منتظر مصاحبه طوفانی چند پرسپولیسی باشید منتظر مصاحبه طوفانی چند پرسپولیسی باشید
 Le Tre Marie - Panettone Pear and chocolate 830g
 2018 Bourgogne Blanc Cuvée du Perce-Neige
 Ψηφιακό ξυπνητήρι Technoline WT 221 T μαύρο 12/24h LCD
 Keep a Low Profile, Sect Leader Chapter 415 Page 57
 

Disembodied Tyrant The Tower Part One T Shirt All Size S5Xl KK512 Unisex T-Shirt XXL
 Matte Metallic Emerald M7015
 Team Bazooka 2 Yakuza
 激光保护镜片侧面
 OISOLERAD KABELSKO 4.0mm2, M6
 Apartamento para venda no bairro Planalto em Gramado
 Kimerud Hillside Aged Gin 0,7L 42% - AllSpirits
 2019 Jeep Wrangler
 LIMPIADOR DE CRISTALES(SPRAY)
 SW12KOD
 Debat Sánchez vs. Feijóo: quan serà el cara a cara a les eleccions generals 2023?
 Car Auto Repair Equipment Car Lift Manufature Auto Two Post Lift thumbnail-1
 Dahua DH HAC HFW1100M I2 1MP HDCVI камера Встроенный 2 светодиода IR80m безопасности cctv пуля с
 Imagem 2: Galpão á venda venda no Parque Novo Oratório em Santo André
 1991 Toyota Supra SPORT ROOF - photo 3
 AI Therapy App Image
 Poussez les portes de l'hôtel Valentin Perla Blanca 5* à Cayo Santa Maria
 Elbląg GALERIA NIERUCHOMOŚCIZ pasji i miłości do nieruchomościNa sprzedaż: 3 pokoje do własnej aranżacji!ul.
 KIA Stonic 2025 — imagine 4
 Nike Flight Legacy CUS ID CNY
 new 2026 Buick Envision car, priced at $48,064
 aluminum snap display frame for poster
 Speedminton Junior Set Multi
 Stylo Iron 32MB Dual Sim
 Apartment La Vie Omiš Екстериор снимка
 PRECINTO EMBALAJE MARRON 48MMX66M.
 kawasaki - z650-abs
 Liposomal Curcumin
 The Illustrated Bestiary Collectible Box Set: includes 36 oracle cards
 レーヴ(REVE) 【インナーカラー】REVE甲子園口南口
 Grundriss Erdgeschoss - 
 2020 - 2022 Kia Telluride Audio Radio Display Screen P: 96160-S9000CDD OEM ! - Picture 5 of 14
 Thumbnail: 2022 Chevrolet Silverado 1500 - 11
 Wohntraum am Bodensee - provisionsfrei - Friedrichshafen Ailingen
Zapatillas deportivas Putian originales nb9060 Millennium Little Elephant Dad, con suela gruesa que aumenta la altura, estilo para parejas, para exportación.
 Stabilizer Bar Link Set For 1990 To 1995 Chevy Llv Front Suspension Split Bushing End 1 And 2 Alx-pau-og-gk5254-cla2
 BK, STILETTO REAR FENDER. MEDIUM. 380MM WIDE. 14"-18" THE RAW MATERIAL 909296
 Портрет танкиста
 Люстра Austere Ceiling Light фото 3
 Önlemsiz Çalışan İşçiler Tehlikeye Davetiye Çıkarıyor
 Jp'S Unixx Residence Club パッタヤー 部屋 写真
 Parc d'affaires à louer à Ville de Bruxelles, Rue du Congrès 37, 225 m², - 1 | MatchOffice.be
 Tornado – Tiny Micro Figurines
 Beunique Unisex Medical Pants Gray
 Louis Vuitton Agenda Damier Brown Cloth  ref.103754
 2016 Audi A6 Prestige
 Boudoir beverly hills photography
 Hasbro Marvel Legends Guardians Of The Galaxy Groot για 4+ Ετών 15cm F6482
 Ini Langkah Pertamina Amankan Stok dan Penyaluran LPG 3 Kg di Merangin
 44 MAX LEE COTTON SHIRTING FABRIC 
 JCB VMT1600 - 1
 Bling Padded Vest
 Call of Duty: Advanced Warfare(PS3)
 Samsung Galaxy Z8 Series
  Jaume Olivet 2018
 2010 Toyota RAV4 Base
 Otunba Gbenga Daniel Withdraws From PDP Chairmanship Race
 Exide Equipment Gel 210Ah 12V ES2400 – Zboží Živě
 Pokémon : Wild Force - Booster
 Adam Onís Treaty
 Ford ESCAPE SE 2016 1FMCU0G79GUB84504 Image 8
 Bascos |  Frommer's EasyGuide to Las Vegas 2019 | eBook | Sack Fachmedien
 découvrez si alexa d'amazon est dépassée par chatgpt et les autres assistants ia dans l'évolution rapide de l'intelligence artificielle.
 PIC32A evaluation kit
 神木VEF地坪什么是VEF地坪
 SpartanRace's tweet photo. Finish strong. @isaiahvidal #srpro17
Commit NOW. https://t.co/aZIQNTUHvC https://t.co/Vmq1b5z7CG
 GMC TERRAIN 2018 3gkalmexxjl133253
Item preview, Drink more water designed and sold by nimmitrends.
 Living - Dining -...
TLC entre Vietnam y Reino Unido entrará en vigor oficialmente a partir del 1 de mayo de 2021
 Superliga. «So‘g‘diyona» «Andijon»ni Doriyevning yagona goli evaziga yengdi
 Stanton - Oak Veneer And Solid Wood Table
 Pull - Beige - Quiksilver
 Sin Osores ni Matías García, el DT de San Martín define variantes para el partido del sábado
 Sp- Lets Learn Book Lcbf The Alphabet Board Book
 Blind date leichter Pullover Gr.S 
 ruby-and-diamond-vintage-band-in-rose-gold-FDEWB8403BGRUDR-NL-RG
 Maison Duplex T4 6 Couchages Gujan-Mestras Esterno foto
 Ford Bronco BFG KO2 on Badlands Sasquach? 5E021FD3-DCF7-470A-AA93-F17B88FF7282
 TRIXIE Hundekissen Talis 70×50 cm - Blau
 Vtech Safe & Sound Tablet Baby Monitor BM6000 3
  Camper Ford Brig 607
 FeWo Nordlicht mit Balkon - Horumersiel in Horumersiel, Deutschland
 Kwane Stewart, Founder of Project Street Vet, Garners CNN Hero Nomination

● **What this task involves**:
Your answer should be the lines above, from the line containing "Stylo Iron 32MB Dual Sim" up to and including the line containing "Wohntraum am Bodensee", reproduced exactly and with nothing else.

● **Response to this task**:
 Stylo Iron 32MB Dual Sim
 Apartment La Vie Omiš Екстериор снимка
 PRECINTO EMBALAJE MARRON 48MMX66M.
 kawasaki - z650-abs
 Liposomal Curcumin
 The Illustrated Bestiary Collectible Box Set: includes 36 oracle cards
 レーヴ(REVE) 【インナーカラー】REVE甲子園口南口
 Grundriss Erdgeschoss - 
 2020 - 2022 Kia Telluride Audio Radio Display Screen P: 96160-S9000CDD OEM ! - Picture 5 of 14
 Thumbnail: 2022 Chevrolet Silverado 1500 - 11
 Wohntraum am Bodensee - provisionsfrei - Friedrichshafen Ailingen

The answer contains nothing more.